EXERCISE GOAL — Give back each line of the data exactly as it reads, minus the pictures.

*** Opening of AVAILABLE DATA ***

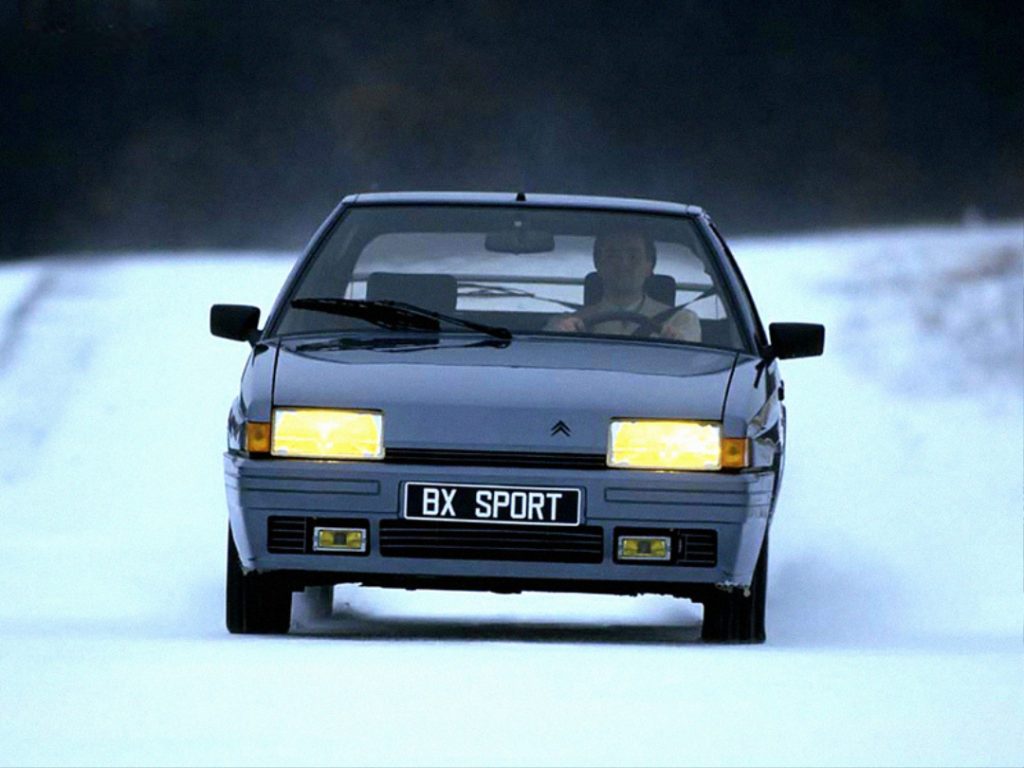 citroën bx sport, citroen bx sport, bx sport, citroën bx deportivo, citroën sport, citroën bx 1.9 sport, citroën bx carburación doble, citroën bx años 80, citroën bx sport historia, citroën bx sport características, citroën bx sport ficha técnica, citroën bx sport prestaciones, citroën bx sport curiosidades, citroën bx sport sonido motor, citroën bx sport interior, citroën bx sport exterior, citroën bx sport restauración, citroën bx sport mantenimiento, citroën bx sport fiabilidad, citroën bx sport coleccionistas, citroën bx sport clásico moderno, historia del citroën bx sport, evolución del citroën bx deportivo, diferencias entre bx sport y bx gti, citroën bx sport frente al peugeot 405 mi16, por qué el citroën bx sport es un coche de culto, curiosidades del citroën bx sport, coches franceses deportivos, coches de los 80, berlinas deportivas clásicas, suspensión hidroneumática deportiva, coches icónicos de citroën, grupo psa, coches de culto, coches con alma, compactos deportivos clásicos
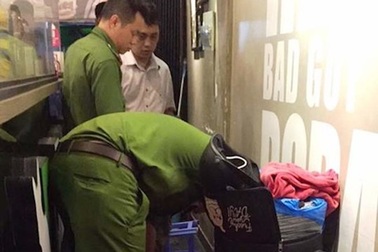 Trích xuất camera truy tìm kẻ ném vật nổ vào quán trà sữa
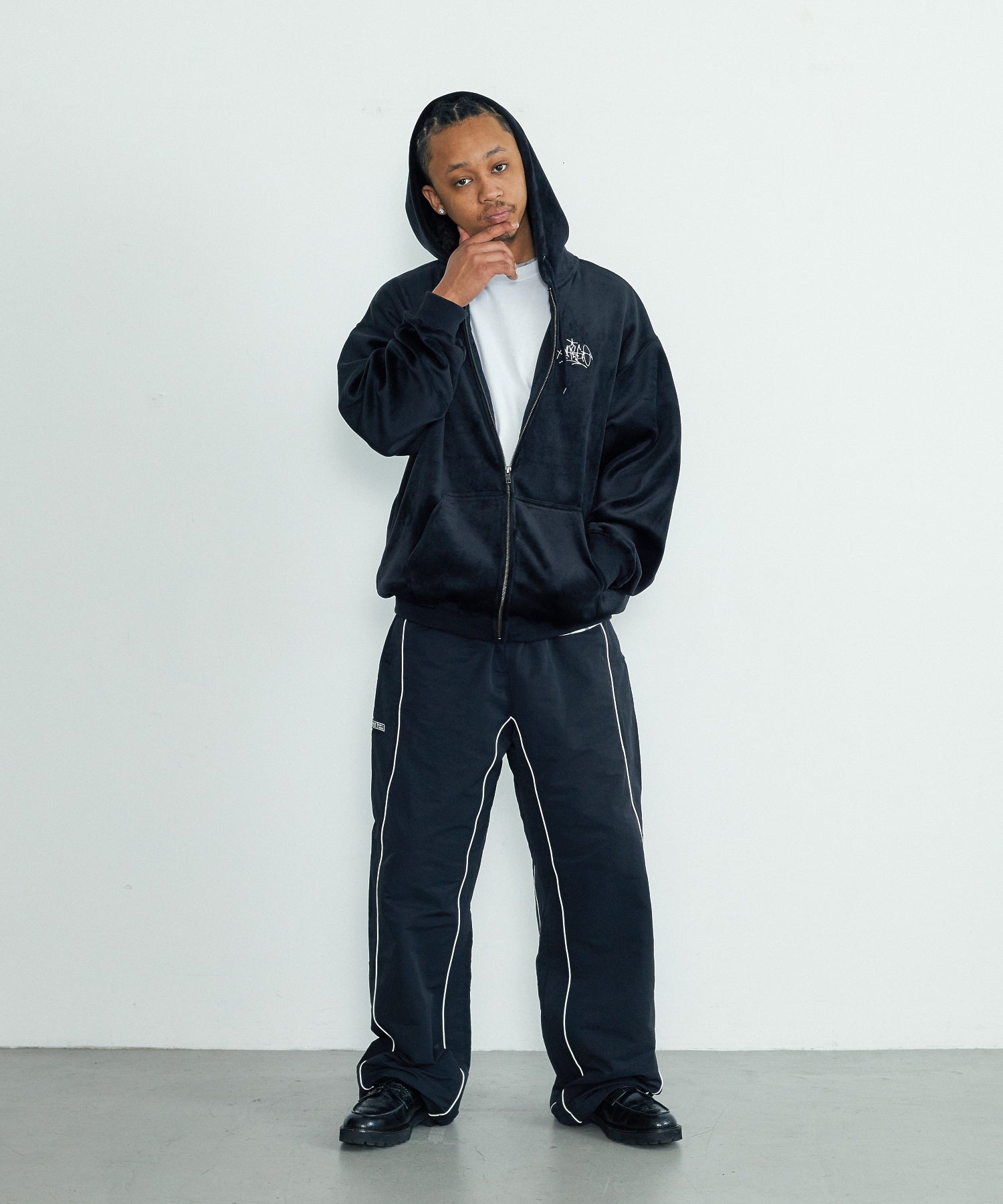 TAGGING VELOUR ZIP HOODIE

*** Close of AVAILABLE DATA ***

EXERCISE ANSWER —
 citroën bx sport, citroen bx sport, bx sport, citroën bx deportivo, citroën sport, citroën bx 1.9 sport, citroën bx carburación doble, citroën bx años 80, citroën bx sport historia, citroën bx sport características, citroën bx sport ficha técnica, citroën bx sport prestaciones, citroën bx sport curiosidades, citroën bx sport sonido motor, citroën bx sport interior, citroën bx sport exterior, citroën bx sport restauración, citroën bx sport mantenimiento, citroën bx sport fiabilidad, citroën bx sport coleccionistas, citroën bx sport clásico moderno, historia del citroën bx sport, evolución del citroën bx deportivo, diferencias entre bx sport y bx gti, citroën bx sport frente al peugeot 405 mi16, por qué el citroën bx sport es un coche de culto, curiosidades del citroën bx sport, coches franceses deportivos, coches de los 80, berlinas deportivas clásicas, suspensión hidroneumática deportiva, coches icónicos de citroën, grupo psa, coches de culto, coches con alma, compactos deportivos clásicos
 Trích xuất camera truy tìm kẻ ném vật nổ vào quán trà sữa
 TAGGING VELOUR ZIP HOODIE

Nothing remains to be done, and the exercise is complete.